Molecular Mapping of Loci for Agronomic Traits on Chromosome 3A of Bread Wheat

^a Dep. of Agronomy, Univ. of Nebraska, Lincoln, NE 68583-0915 USA
^b Dep. of Biology/Microbiology, South Dakota State Univ., Brookings, SD 57007 USA
^c Dep. of Agronomy, Univ. of Wisconsin, Madison, WI 53706 USA
^d Regional Agricultural Research Center, Diyatalawa Road, Bandarawela, Sri Lanka

pbaenziger1{at}unl.edu

	ABSTRACT

TOP NOTES ABSTRACT INTRODUCTION Materials and methods Results and discussion REFERENCES

 
Chromosome 3A of bread wheat (Triticum aestivum L.) cultivar `Wichita' (WI) was previously found to differ from that of `Cheyenne' (CNN) for genes affecting a number of agronomically important traits such as grain yield (GYLD), kernel number spike^-1 (KPS), 1000-kernel weight (TKWT), spike number m^-2 (SPSM), grain volume weight (GVWT), plant height (PHT), and anthesis date (influenced by Eps locus). This study was designed to map the Eps locus and to identify regions of chromosome 3A of wheat associated with agronomic traits. A population of 3A recombinant inbred chromosome lines (RICLs-3A) was previously evaluated in replicated field trials. Thirteen RFLPs and one morphological marker locus, Eps, were used to develop a genetic linkage map and to identify QTLs associated with agronomic traits. Individual loci explained from 8.9 to 38.2% of the total phenotypic variation for the measured traits. The major locus Eps was mapped distal to an RFLP marker locus Xcdo549 on the short arm of chromosome 3A and explained 38.2% of the total phenotypic variation for PHT, and 17.4% for both KPS and TKWT. Additional QTLs for PHT, TKWT, and KPS were identified on the chromosome. A QTL for SPSM on the long arm of chromosome 3A was tightly linked to QTL for PHT and KPS. QTLs for GYLD were identified only in a few individual environments whereas no QTL was detected for GVWT. No epistasis was detected between markers associated with QTLs. The QTLs identified across environments were consistent in all or most environments, hence should be useful in future marker assisted selection programs for breeding wheat cultivars.

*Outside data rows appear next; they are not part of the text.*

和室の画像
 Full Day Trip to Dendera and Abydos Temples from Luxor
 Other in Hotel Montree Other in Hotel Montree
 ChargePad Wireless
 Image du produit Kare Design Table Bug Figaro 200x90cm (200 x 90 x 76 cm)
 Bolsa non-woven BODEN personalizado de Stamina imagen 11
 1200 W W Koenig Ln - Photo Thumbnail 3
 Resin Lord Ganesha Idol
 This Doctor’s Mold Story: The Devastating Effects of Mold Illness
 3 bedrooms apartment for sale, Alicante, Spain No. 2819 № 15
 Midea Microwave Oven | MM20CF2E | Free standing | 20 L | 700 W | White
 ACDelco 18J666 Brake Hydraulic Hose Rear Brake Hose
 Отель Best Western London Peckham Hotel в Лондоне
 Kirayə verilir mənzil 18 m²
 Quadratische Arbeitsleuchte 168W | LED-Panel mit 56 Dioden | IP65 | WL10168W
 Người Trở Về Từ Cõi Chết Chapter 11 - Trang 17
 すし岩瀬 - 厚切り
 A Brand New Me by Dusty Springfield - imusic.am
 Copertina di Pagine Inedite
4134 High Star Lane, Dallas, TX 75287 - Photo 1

Abbreviations: CNN, `Cheyenne' • Eps, Earliness per se • GVWT, grain volume weight • G x E, genotype by environment interaction • GYLD, grain yield • KPS, kernel number per spike • PHT, plant height • QTL, quantitative trait locus • RFLP, restriction fragment length polymorphism • RICL, recombinant inbred chromosome line • RIL, recombinant inbred line • TKWT, thousand kernel weight • SPSM, spike number per square meter • WI, `Wichita'

	INTRODUCTION

TOP NOTES ABSTRACT INTRODUCTION Materials and methods Results and discussion REFERENCES

 
ABETTER GENETIC UNDERSTANDING of agronomic traits such as grain yield and its component traits in wheat is needed to improve this important food crop. Genetic analyses of wheat agronomic traits have been facilitated by chromosomal manipulation, especially chromosome substitution lines and RICLs (Law, 1966; Morris et al., 1960–1984; Worland and Law, 1985; Yen and Baenziger, 1992; Berke et al., 1992a,b; Joppa et al., 1997, Shah et al., 1999). Chromosome substitution lines allow the effect of a whole chromosome to be studied, while RICLs allow chromosomal effects to be partitioned into chromosomal-segmental effects.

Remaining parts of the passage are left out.